• Your objective
The reply must contain exactly the lines below from the one with "Männermodel trägt Regular" down to the one with "Large rectangle 3D", both included, and nothing more; please omit the pictures.

[[ Record excerpts open ]]

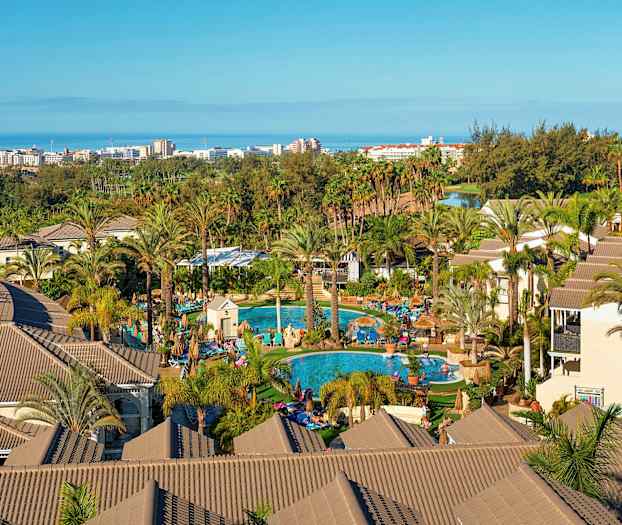 En vy över ett semesterhotell med palmer, pooler och byggnader, i bakgrunden syns havet och en stad. (AI-genererad text)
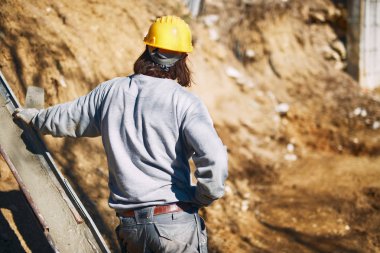 Ağır bir sitede inşaat işçisi sıkı çalışma yapıyor.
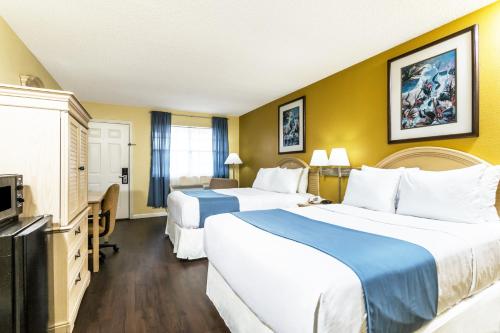 a hotel room with two beds and a television at Days Inn by Wyndham Madison in Madison
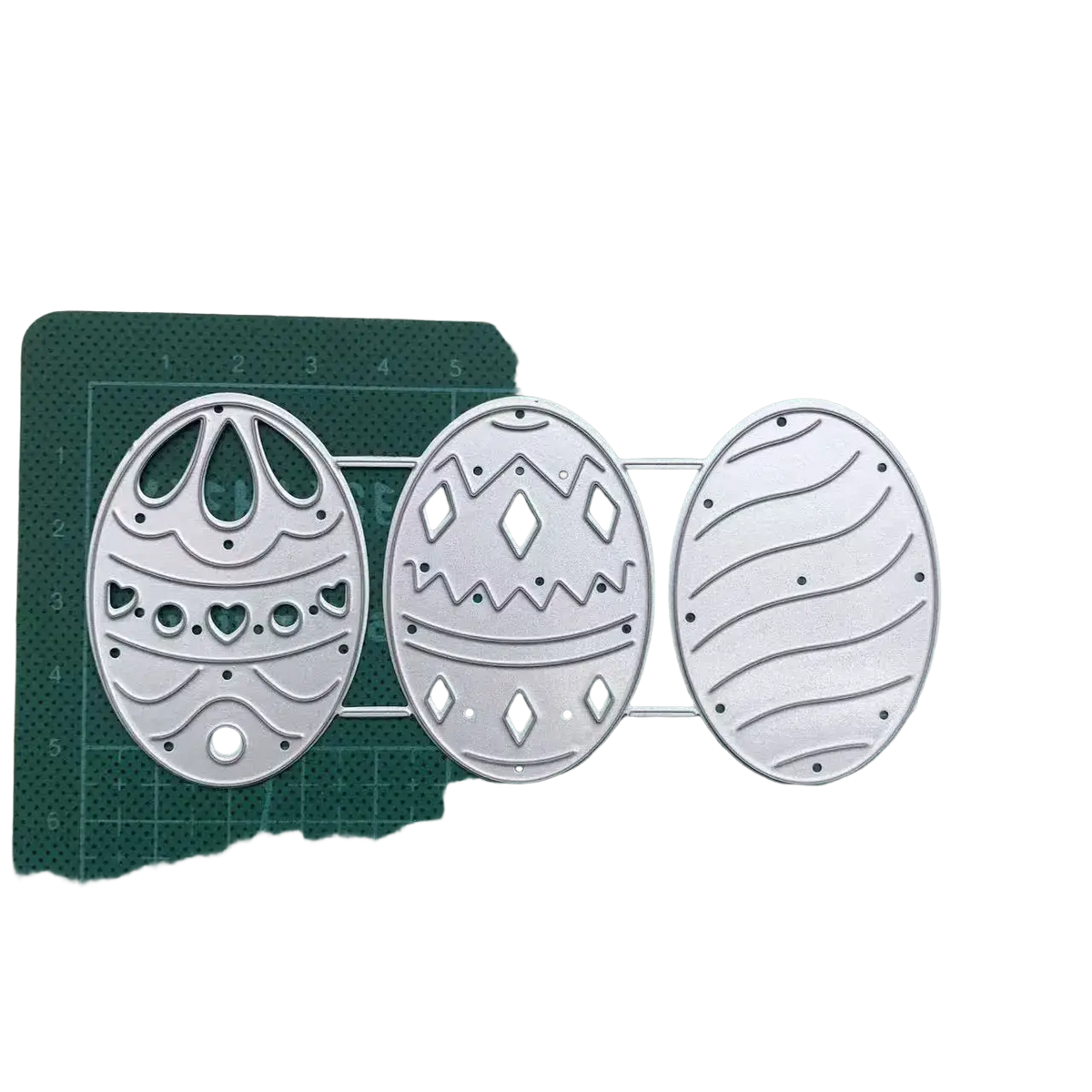 Set of three silver metal easter egg cutting dies with intricate patterns for card making and decoration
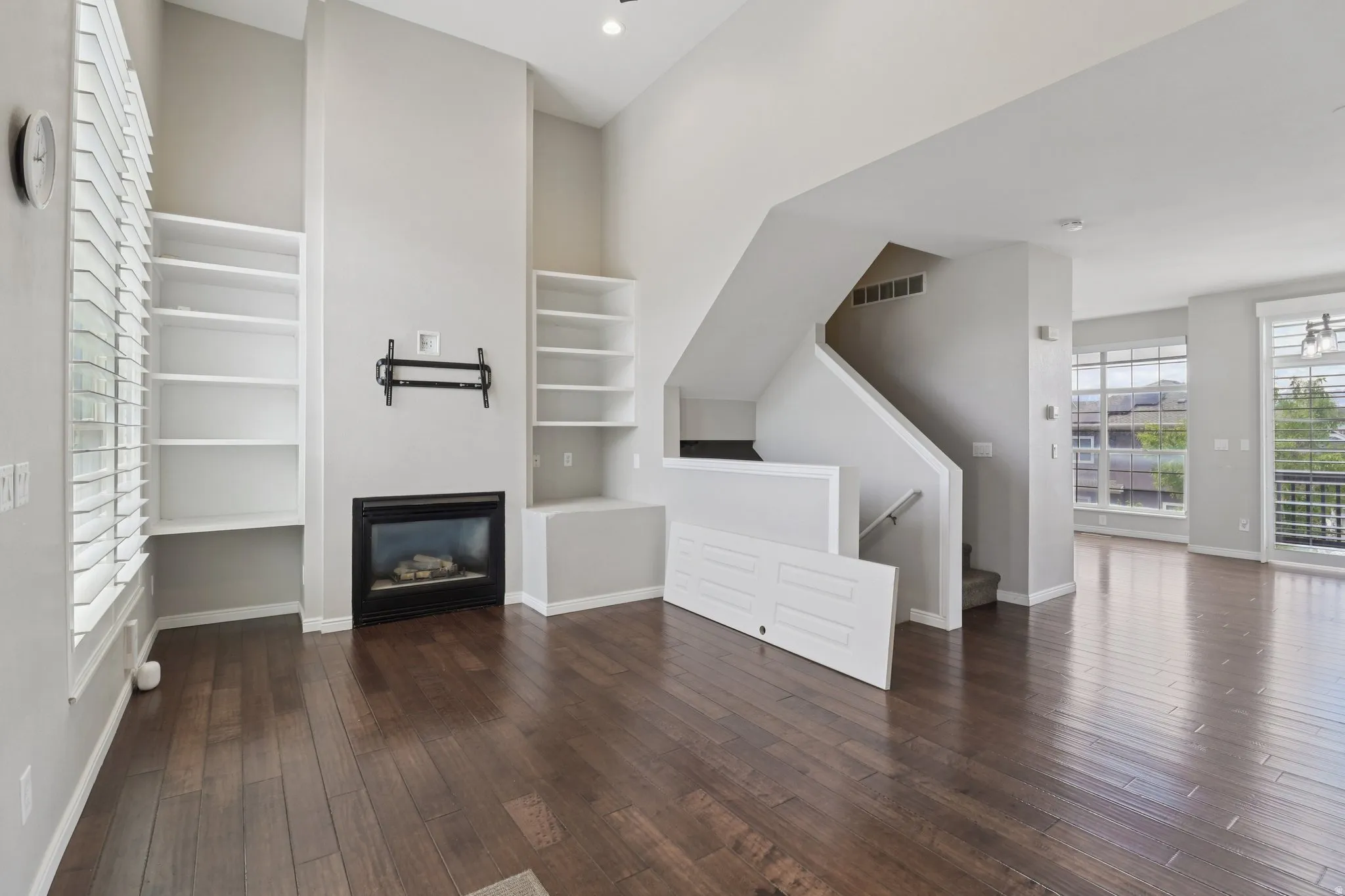 Unfurnished living room featuring dark wood-style flooring and a glass covered fireplace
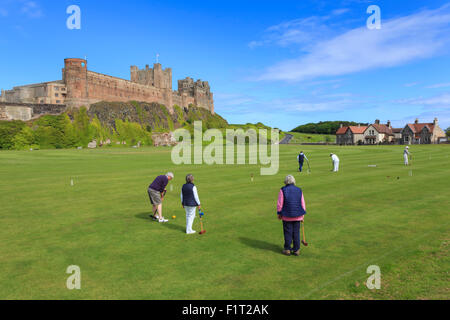 Playing croquet beneath Bamburgh Castle on a bright summer afternoon, Bamburgh, Northumberland, England, United Kingdom, Europe Stock Photo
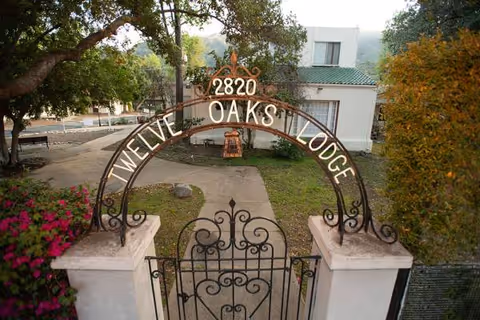 Ornate wrought-iron arch gate reading Twelve Oaks Lodge over a walkway to a building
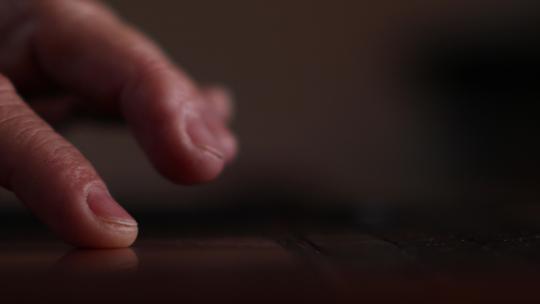 屏幕背光笔记本电脑触控板上人类手指滚动的特写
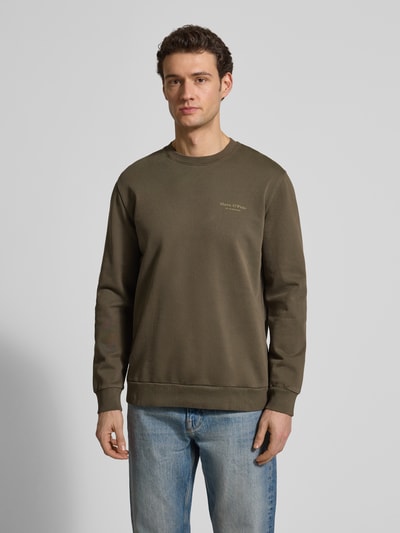 Männermodel trägt Regular Fit Sweatjacke aus reiner Baumwolle von Marc O'Polo in Olivgrün, unifarben, Crew Neck, Ganzkörperansicht von vorne.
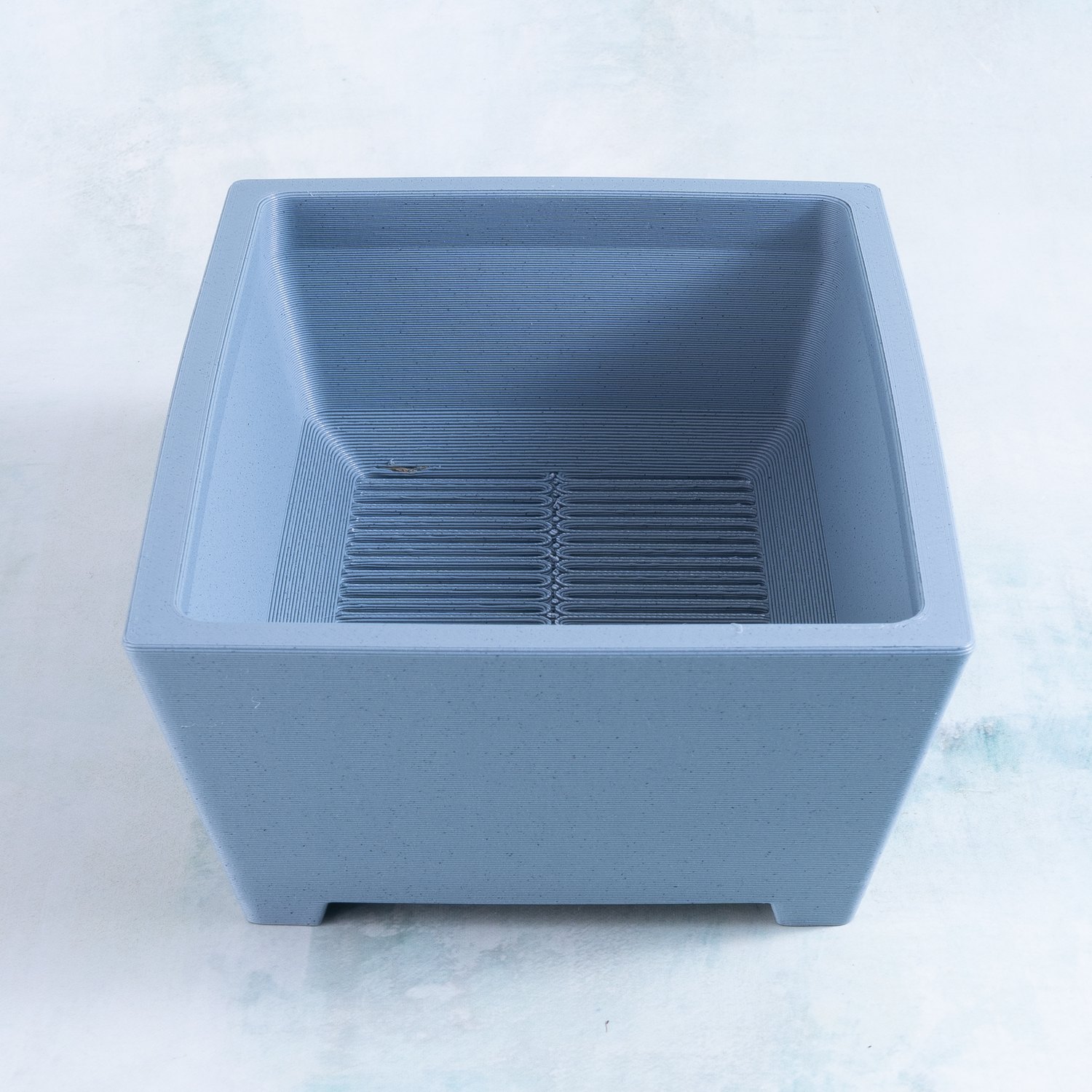 Large rectangle 3D printed succulent planter in haze gray, angled view showing the sloped interior and drainage grate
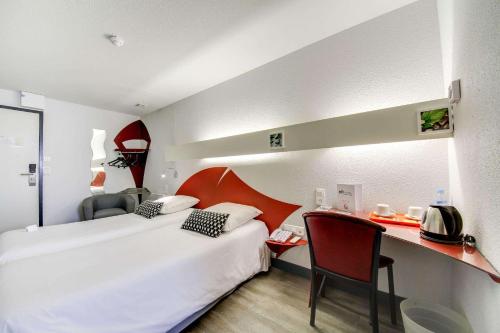 a hotel room with a bed and a desk at Brit Hotel Porte d'Espagne in Perpignan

[[ Record excerpts closed ]]

• Response box
 Männermodel trägt Regular Fit Sweatjacke aus reiner Baumwolle von Marc O'Polo in Olivgrün, unifarben, Crew Neck, Ganzkörperansicht von vorne.
 Large rectangle 3D printed succulent planter in haze gray, angled view showing the sloped interior and drainage grate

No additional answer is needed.